__What is required__
Set the data below down again, exactly, with every picture left out.

__Source information__

=== Section Start ===

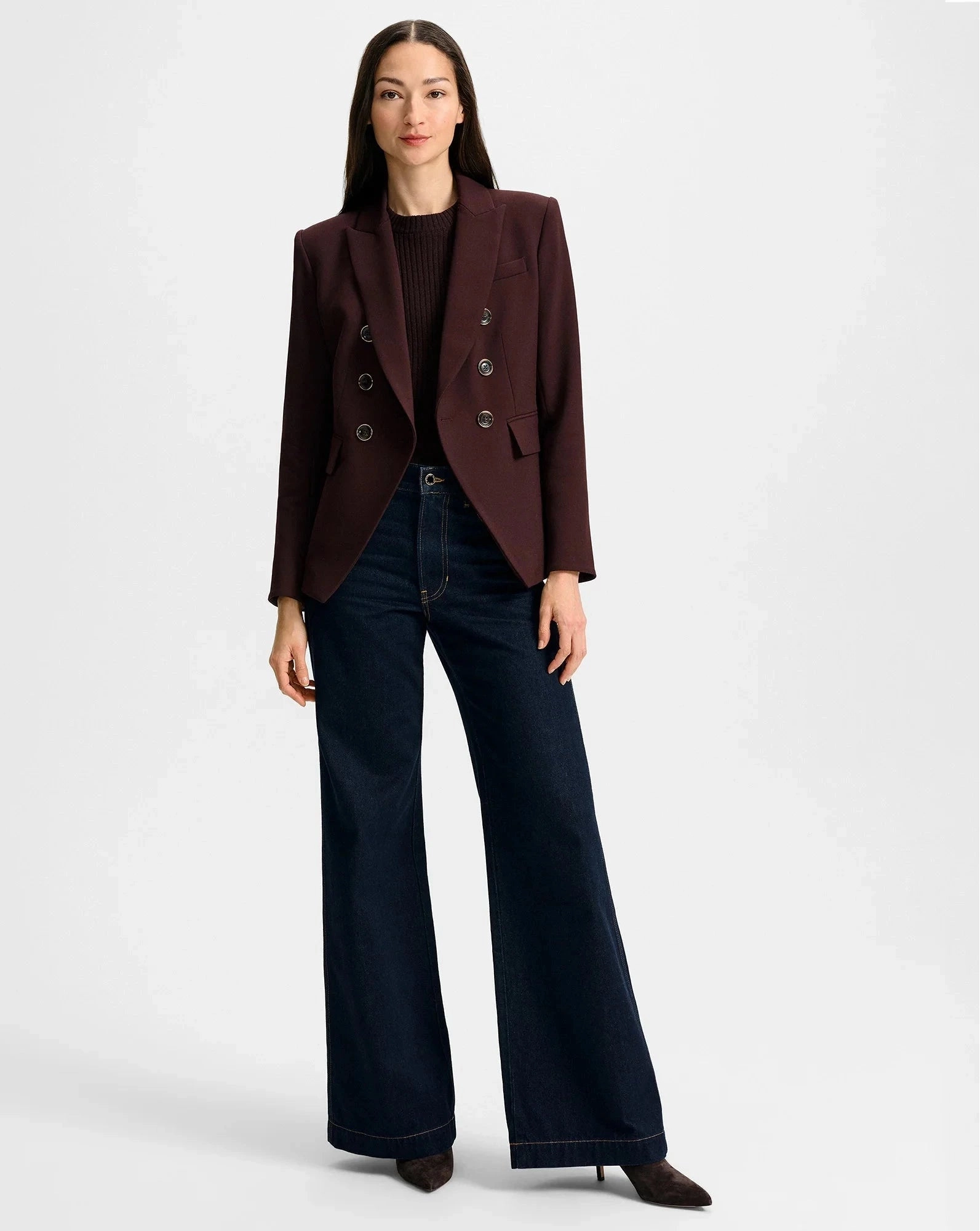 Fashionable Miller Dickey Jacket Dark Currant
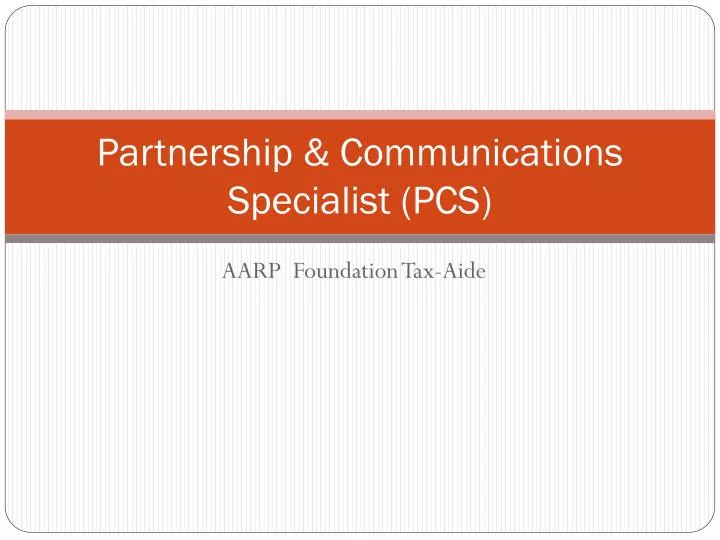 partnership communications specialist pcs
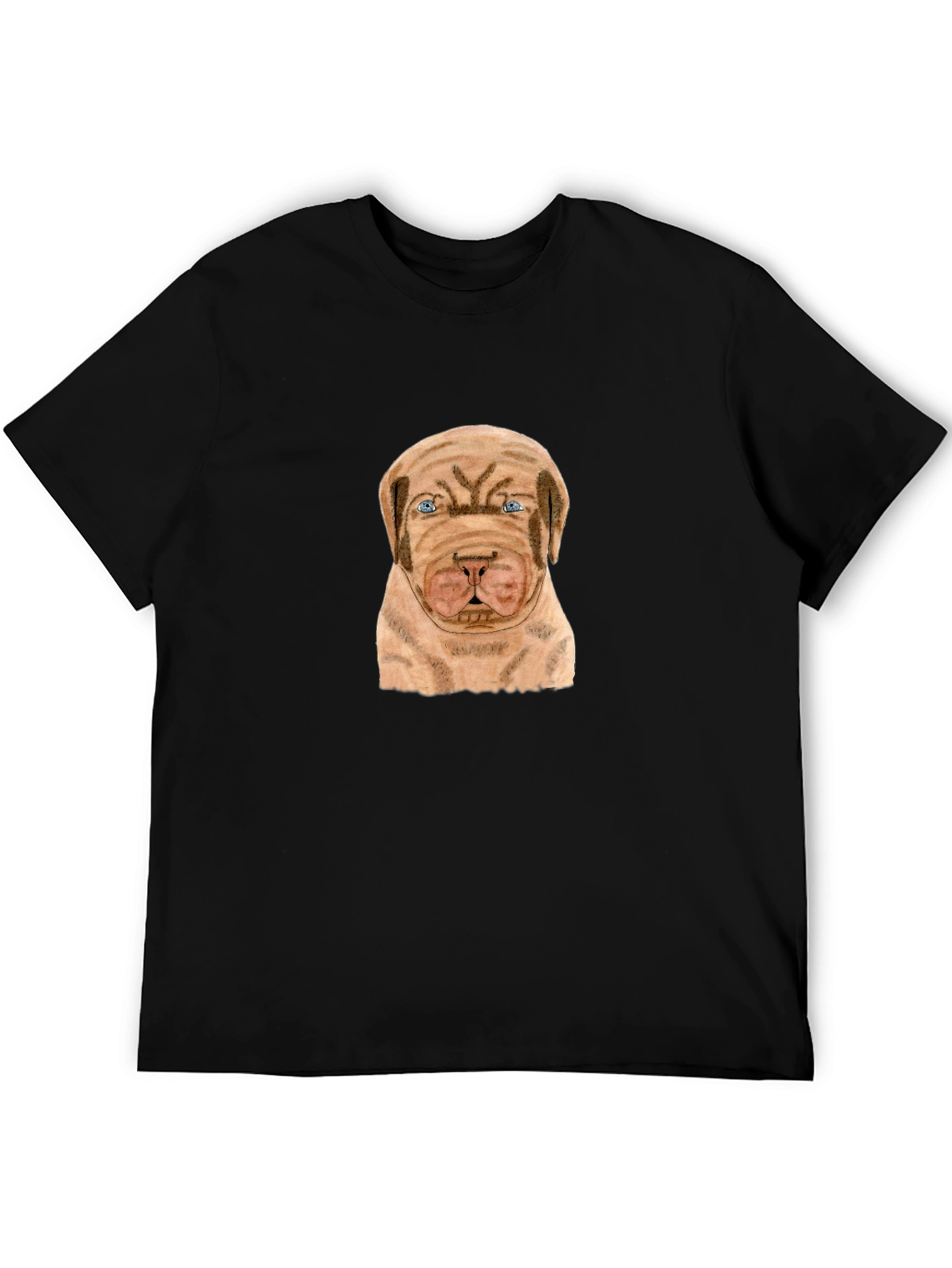 Dog Graphic T-Shirt - Casual Black Tee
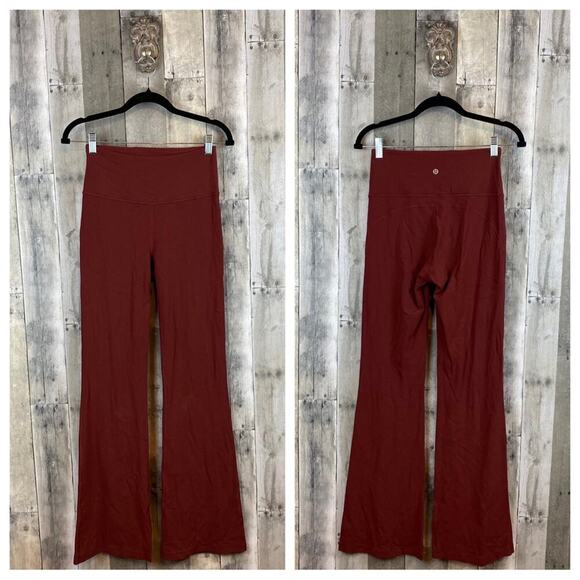 Lululemon Groove Super-High-Rise Flared Pant Nulu in Cayenne Size 6. - Picture 9 of 13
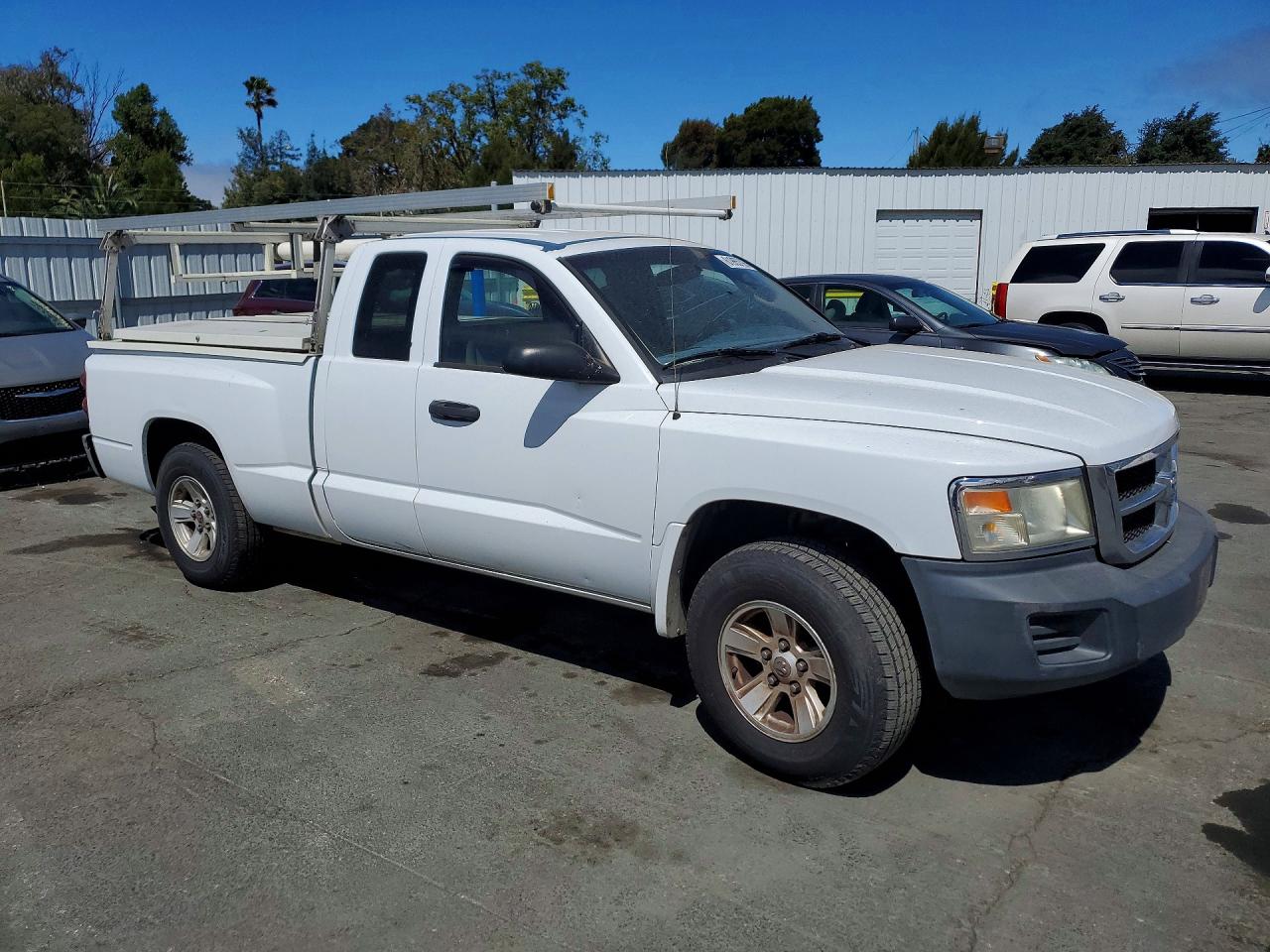 2008 Dodge Dakota Sxt White vin: 1D3HE32N18S590358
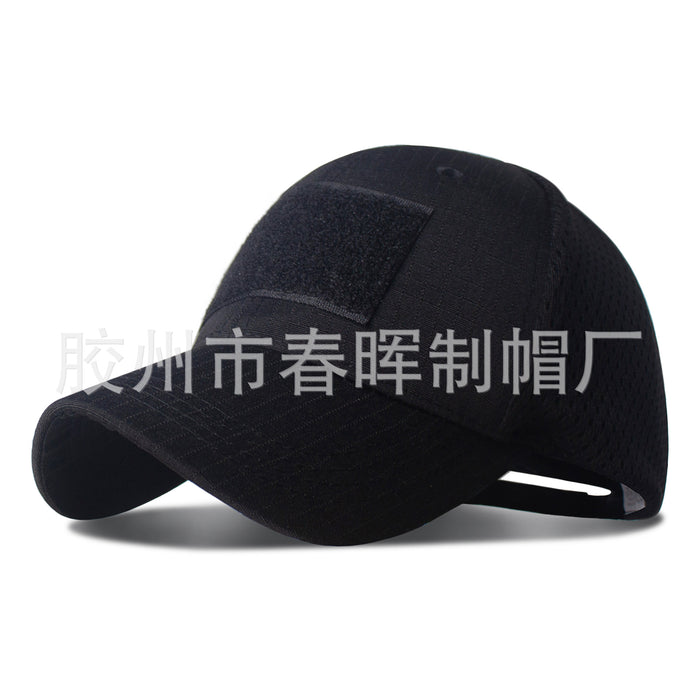 Wholesale New camouflage baseball cap, military fan sun hat, grid duckbill cap, python patterned military training cap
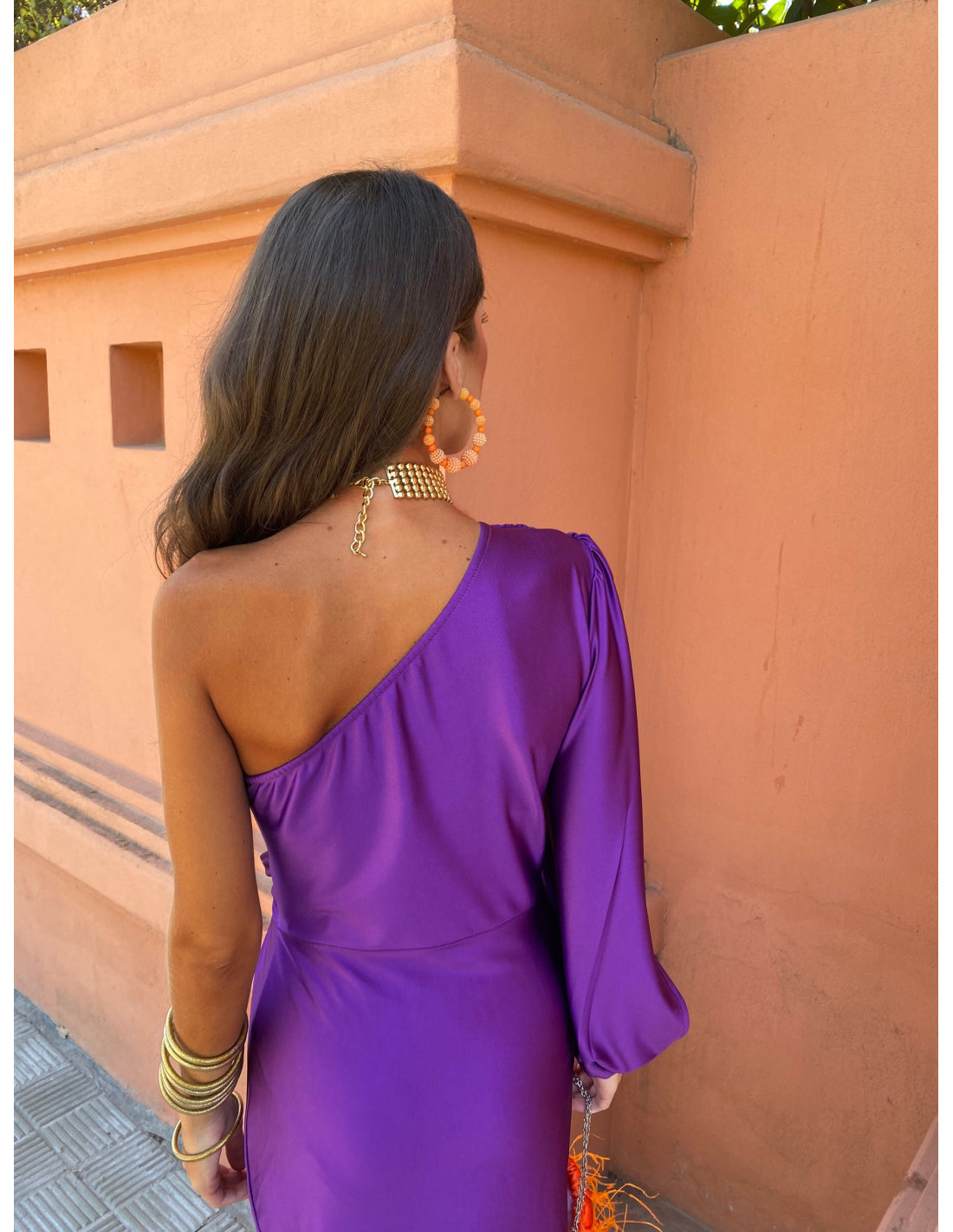 Alma | One-Shoulder Draped Evening Dress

=== Section End ===

__The completed task__
 Fashionable Miller Dickey Jacket Dark Currant
 partnership communications specialist pcs
 Dog Graphic T-Shirt - Casual Black Tee
 Lululemon Groove Super-High-Rise Flared Pant Nulu in Cayenne Size 6. - Picture 9 of 13
 2008 Dodge Dakota Sxt White vin: 1D3HE32N18S590358
 Wholesale New camouflage baseball cap, military fan sun hat, grid duckbill cap, python patterned military training cap
 Alma | One-Shoulder Draped Evening Dress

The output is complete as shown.